I agree if the criterion is to get us to utopia, it’s a problem (maybe not even that, but whatever), but if we instead say that it has to avoid x-risk, then we do have some options. My favorite research directions are IDA and HCH, with ELK a second option for alignment. We aren’t fully finished on those ideas, but we do have at least some idea about what we can do.
Also, it’s very unlikely theoretical work or mathematical work like provable alignment will do much, beyond toy problems here.
This seems to misunderstand my view? My goal is to avoid x-risk, not to get us to utopia. (Or rather, my proximate goal is to end the acute risk period; ultimate goal utopia, but I want to pint nearly all of the utopia-work to the period after we’ve ended the acute risk period.
Cf., from Eliezer:
“When I say that alignment is lethally difficult, I am not talking about ideal or perfect goals of ‘provable’ alignment, nor total alignment of superintelligences on exact human values, nor getting AIs to produce satisfactory arguments about moral dilemmas which sorta-reasonable humans disagree about, nor attaining an absolute certainty of an AI not killing everyone. When I say that alignment is difficult, I mean that in practice, using the techniques we actually have, “please don’t disassemble literally everyone with probability roughly 1” is an overly large ask that we are not on course to get. So far as I’m concerned, if you can get a powerful AGI that carries out some pivotal superhuman engineering task, with a less than fifty percent change of killing more than one billion people, I’ll take it. Even smaller chances of killing even fewer people would be a nice luxury, but if you can get as incredibly far as “less than roughly certain to kill everybody”, then you can probably get down to under a 5% chance with only slightly more effort. Practically all of the difficulty is in getting to “less than certainty of killing literally everyone”. Trolley problems are not an interesting subproblem in all of this; if there are any survivors, you solved alignment. At this point, I no longer care how it works, I don’t care how you got there, I am cause-agnostic about whatever methodology you used, all I am looking at is prospective results, all I want is that we have justifiable cause to believe of a pivotally useful AGI ‘this will not kill literally everyone’. Anybody telling you I’m asking for stricter ‘alignment’ than this has failed at reading comprehension. The big ask from AGI alignment, the basic challenge I am saying is too difficult, is to obtain by any strategy whatsoever a significant chance of there being any survivors.”

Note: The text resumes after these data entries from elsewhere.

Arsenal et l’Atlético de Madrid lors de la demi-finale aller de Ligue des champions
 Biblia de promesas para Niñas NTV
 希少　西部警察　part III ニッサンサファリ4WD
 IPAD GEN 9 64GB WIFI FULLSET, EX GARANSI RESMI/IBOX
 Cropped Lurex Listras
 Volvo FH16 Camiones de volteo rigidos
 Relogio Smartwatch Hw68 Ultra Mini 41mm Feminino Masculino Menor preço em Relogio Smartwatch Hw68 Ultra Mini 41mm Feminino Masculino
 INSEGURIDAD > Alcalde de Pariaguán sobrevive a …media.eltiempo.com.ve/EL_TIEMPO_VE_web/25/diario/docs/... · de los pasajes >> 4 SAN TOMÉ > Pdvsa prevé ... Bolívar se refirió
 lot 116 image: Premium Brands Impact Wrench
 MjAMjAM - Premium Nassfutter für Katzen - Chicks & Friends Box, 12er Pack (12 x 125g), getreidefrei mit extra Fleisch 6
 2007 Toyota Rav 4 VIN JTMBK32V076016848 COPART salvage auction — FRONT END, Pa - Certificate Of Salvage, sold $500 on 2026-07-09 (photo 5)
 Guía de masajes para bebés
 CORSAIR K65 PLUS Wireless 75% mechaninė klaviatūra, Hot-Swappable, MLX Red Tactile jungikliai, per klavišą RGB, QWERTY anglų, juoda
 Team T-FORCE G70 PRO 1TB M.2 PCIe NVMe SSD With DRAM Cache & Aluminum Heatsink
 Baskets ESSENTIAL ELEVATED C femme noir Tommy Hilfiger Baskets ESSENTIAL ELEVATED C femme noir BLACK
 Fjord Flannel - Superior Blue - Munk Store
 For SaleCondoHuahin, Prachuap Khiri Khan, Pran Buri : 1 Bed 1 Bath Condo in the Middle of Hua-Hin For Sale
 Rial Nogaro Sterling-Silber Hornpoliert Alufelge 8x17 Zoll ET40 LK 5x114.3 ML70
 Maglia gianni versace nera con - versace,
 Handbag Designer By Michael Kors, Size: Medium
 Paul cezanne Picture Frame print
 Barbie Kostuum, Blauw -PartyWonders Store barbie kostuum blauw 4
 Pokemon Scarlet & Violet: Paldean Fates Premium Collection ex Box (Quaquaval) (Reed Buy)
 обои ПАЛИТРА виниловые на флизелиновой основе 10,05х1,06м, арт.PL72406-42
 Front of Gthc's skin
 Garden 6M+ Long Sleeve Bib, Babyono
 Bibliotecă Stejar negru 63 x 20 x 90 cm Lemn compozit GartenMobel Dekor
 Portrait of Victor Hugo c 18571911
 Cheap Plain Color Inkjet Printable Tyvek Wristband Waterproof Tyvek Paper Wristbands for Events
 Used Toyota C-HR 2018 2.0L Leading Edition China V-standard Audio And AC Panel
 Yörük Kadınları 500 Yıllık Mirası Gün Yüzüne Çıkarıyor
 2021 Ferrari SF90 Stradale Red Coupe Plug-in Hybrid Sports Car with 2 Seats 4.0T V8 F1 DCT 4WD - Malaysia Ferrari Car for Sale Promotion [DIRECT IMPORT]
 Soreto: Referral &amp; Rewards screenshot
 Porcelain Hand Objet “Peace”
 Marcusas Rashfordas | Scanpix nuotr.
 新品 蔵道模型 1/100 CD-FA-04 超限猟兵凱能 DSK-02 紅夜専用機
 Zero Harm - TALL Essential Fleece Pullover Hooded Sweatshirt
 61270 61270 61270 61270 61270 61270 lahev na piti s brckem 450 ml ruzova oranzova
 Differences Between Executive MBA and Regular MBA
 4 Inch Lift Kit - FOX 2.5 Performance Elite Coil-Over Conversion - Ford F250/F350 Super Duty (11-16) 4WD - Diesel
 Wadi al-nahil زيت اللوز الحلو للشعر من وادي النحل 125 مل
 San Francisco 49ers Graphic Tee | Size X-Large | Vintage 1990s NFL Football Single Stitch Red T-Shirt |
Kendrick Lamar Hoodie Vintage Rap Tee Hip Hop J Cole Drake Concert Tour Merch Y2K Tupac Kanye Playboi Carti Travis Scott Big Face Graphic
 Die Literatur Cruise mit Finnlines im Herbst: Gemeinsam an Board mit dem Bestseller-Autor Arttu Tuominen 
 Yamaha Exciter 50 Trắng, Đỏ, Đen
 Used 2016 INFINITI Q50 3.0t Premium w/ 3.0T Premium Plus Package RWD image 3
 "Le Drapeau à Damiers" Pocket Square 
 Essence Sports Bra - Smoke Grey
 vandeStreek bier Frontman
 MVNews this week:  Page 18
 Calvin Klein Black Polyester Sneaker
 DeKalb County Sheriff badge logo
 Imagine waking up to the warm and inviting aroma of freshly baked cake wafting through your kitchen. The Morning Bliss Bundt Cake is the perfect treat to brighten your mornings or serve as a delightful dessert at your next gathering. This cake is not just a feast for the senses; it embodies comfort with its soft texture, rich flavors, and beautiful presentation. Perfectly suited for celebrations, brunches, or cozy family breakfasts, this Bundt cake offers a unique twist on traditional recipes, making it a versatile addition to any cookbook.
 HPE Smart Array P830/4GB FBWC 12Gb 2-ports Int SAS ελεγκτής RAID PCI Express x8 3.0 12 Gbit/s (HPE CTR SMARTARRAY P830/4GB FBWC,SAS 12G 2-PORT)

I don’t know what you mean by “do much”, but if you think theory/math work is about “provable alignment” then you’re misunderstanding all (or at least the vast majority?) of the theory/math work on alignment. “Is this system aligned?” is not the sort of property that admits of deductive proof, even if the path to understanding “how does alignment work?” better today routes through some amount of theorem-proving on more abstract and fully-formalizable questions.